[Brief descriptive captions]
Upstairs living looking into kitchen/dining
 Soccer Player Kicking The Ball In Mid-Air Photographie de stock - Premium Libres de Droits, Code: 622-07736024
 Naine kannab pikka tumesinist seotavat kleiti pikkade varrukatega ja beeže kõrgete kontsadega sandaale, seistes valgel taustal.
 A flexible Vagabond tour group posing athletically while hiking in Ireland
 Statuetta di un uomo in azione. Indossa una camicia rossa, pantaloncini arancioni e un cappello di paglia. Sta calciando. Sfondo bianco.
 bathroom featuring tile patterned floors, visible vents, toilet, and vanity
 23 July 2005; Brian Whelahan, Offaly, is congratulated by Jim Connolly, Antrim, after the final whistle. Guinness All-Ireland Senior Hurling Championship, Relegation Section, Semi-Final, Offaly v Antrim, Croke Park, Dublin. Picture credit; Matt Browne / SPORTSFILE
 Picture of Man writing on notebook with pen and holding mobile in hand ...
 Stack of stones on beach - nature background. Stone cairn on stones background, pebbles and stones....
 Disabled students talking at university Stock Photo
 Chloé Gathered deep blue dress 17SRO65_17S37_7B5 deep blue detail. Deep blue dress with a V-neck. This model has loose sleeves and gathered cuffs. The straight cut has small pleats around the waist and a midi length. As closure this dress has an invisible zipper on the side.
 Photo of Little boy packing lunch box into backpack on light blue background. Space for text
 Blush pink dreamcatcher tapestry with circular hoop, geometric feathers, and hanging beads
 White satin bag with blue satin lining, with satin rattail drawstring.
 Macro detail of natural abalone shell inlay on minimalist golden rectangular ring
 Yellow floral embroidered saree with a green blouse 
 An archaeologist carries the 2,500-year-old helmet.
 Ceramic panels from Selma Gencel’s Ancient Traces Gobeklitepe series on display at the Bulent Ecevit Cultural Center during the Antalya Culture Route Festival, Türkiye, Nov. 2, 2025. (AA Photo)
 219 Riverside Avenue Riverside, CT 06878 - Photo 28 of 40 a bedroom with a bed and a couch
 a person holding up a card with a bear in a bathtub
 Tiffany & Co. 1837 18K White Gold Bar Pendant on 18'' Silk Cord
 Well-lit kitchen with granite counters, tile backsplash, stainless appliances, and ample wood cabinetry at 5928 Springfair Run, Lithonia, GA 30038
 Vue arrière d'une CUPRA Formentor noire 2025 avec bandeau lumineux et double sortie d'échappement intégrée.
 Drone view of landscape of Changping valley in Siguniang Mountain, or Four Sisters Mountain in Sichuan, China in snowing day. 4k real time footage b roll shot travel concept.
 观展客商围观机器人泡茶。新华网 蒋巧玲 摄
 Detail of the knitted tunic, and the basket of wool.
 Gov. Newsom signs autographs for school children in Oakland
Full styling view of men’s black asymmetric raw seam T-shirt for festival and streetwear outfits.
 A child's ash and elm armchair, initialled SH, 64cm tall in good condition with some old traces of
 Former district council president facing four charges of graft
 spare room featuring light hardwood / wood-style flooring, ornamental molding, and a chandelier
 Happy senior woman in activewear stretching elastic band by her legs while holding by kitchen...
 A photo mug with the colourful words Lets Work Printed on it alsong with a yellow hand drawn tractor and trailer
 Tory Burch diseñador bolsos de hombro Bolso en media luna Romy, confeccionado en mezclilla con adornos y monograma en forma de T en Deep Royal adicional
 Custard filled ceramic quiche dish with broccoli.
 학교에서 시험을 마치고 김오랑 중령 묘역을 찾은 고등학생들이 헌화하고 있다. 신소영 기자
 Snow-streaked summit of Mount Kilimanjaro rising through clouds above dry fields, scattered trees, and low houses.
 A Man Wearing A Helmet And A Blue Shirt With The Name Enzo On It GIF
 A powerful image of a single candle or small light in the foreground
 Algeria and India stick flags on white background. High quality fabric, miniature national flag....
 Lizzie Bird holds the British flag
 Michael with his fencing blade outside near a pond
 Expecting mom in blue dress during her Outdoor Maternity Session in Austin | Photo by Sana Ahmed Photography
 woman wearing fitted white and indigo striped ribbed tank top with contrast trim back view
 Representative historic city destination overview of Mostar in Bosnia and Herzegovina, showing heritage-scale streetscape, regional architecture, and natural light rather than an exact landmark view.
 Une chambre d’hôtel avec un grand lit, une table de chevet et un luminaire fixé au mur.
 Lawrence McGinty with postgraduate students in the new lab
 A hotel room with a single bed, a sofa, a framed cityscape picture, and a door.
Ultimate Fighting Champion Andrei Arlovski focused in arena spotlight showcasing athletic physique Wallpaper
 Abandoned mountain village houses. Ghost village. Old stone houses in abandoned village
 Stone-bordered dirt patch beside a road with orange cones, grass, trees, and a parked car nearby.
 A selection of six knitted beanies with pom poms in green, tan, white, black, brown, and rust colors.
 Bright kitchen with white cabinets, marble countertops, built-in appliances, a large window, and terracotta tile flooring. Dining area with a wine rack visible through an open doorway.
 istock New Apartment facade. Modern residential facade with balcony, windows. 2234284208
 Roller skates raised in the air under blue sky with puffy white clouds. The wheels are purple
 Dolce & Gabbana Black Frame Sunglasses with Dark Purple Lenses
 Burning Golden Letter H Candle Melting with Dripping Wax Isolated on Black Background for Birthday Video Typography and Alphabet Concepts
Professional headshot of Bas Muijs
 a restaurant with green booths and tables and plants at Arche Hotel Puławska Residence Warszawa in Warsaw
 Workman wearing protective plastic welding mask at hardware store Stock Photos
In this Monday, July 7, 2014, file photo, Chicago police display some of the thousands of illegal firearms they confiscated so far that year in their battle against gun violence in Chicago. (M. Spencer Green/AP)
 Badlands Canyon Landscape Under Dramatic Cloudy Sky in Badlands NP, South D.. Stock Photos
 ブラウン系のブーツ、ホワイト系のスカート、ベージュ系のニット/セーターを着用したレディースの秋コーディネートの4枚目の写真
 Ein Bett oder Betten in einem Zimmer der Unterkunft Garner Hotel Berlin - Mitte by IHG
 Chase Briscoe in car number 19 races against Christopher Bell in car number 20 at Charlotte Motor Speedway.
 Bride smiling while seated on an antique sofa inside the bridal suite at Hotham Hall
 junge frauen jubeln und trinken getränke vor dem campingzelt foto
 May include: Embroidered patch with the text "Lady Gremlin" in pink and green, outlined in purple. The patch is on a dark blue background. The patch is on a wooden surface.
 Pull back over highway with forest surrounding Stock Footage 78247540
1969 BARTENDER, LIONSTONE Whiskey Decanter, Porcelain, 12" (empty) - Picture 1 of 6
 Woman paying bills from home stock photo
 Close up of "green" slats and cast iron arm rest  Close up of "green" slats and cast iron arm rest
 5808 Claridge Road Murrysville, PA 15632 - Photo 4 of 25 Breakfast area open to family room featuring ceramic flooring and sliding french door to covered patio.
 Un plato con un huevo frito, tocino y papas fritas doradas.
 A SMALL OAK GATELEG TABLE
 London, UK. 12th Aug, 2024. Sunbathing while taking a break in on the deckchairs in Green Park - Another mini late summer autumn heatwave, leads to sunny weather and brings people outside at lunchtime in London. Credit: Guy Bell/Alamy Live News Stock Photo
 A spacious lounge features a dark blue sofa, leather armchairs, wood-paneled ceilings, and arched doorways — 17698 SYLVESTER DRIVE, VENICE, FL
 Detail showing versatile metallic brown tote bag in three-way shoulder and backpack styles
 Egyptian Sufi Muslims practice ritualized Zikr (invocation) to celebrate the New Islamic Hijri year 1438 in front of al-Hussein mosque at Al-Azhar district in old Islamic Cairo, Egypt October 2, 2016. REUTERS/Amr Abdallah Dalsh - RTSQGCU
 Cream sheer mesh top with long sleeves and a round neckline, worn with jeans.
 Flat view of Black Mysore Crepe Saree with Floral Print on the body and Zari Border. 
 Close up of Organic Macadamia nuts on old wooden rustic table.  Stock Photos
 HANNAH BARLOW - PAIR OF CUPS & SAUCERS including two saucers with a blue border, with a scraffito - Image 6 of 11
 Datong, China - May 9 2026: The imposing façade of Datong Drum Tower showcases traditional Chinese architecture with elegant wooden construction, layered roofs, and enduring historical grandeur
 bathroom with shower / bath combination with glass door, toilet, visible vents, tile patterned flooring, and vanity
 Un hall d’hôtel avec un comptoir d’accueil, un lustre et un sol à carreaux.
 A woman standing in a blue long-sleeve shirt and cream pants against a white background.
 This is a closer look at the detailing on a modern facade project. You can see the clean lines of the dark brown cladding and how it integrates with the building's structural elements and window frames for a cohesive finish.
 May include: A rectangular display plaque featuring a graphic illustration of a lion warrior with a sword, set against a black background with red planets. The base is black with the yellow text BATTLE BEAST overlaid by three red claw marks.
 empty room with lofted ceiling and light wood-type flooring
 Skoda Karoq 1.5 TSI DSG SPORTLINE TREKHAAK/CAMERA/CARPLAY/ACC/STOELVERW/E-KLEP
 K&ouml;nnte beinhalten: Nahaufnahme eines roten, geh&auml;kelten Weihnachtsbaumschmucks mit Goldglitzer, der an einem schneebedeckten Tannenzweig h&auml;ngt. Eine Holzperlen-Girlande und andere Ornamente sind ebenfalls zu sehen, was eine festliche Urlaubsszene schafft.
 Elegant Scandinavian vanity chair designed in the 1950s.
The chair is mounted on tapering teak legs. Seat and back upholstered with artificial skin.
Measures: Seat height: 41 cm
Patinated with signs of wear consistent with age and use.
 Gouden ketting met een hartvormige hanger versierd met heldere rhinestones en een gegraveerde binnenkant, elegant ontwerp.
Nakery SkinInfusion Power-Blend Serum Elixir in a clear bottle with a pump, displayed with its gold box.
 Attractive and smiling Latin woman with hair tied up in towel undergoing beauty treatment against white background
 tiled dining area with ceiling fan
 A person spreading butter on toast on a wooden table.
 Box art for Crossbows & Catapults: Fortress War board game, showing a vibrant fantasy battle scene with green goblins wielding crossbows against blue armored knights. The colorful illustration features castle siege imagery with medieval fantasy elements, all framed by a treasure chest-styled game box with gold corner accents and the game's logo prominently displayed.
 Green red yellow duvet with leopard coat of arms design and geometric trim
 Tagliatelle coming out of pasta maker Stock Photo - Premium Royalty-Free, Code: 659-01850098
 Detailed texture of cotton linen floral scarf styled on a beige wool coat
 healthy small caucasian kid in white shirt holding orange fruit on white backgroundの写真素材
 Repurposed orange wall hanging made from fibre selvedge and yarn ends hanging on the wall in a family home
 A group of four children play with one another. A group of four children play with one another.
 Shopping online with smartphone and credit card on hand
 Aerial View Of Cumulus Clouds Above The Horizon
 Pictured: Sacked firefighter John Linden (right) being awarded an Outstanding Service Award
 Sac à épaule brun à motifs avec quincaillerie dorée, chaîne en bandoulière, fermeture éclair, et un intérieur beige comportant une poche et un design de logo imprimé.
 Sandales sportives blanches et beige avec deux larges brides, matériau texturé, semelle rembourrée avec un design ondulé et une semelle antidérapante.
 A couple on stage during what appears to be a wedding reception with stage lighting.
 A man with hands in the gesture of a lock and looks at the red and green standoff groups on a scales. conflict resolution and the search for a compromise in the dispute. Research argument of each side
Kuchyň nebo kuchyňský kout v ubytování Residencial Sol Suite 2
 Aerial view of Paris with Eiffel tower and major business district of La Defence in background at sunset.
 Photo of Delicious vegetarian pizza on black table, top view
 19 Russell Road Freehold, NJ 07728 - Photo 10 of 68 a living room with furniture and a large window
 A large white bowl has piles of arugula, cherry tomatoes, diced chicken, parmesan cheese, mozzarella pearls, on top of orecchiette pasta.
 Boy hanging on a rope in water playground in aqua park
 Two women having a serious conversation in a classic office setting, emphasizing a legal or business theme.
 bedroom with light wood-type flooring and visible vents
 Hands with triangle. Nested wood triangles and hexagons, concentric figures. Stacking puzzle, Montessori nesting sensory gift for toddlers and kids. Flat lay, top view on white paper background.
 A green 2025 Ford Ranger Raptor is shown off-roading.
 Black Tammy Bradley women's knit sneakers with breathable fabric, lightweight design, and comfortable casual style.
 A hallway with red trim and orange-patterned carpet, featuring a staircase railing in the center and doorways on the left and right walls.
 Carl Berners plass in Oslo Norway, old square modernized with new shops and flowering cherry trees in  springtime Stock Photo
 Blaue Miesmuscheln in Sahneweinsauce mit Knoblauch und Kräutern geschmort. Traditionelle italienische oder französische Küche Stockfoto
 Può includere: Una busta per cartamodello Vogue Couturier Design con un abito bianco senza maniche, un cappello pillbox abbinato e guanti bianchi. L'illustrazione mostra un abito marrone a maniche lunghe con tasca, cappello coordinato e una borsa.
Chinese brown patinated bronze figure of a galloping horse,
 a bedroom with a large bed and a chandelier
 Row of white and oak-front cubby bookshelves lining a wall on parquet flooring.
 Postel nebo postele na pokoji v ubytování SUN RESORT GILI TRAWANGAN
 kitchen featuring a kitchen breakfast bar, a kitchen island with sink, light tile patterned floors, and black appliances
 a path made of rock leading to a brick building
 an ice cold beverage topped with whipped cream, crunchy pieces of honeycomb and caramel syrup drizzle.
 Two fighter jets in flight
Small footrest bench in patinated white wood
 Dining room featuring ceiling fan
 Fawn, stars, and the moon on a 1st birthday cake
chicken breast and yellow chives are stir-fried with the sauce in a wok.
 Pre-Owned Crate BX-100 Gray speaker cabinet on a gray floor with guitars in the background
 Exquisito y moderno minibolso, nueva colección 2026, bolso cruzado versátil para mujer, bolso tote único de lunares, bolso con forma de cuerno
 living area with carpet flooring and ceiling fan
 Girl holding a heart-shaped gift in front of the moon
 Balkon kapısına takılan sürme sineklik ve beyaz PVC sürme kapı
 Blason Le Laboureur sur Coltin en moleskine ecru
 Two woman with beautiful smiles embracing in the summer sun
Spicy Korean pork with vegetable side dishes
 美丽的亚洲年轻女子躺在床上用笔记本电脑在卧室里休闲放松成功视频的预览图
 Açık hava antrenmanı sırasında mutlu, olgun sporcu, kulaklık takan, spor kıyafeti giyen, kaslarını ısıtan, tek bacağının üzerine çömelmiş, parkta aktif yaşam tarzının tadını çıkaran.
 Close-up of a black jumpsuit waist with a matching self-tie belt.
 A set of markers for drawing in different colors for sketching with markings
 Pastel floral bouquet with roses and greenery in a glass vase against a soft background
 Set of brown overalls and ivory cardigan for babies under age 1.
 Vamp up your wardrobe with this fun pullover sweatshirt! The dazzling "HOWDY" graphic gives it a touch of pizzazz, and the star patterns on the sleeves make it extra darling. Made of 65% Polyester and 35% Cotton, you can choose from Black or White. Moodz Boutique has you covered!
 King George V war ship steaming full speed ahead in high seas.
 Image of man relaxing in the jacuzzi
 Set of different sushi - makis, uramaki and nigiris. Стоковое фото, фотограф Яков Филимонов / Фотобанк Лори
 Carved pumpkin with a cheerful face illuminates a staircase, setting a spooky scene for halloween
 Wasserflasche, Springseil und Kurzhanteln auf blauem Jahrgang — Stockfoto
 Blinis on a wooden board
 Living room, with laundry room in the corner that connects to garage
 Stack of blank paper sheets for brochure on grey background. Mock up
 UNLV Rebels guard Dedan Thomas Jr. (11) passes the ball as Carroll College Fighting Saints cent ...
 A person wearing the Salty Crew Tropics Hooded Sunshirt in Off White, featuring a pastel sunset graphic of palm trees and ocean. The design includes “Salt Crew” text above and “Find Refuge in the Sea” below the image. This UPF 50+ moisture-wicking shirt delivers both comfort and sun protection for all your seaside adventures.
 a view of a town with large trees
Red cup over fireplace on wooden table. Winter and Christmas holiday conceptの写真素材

(TASK TO CARRY OUT) Wherever "Bell" turns up in the records, copy the whole line.

(RESULT BELOW)
 Chase Briscoe in car number 19 races against Christopher Bell in car number 20 at Charlotte Motor Speedway.
 London, UK. 12th Aug, 2024. Sunbathing while taking a break in on the deckchairs in Green Park - Another mini late summer autumn heatwave, leads to sunny weather and brings people outside at lunchtime in London. Credit: Guy Bell/Alamy Live News Stock Photo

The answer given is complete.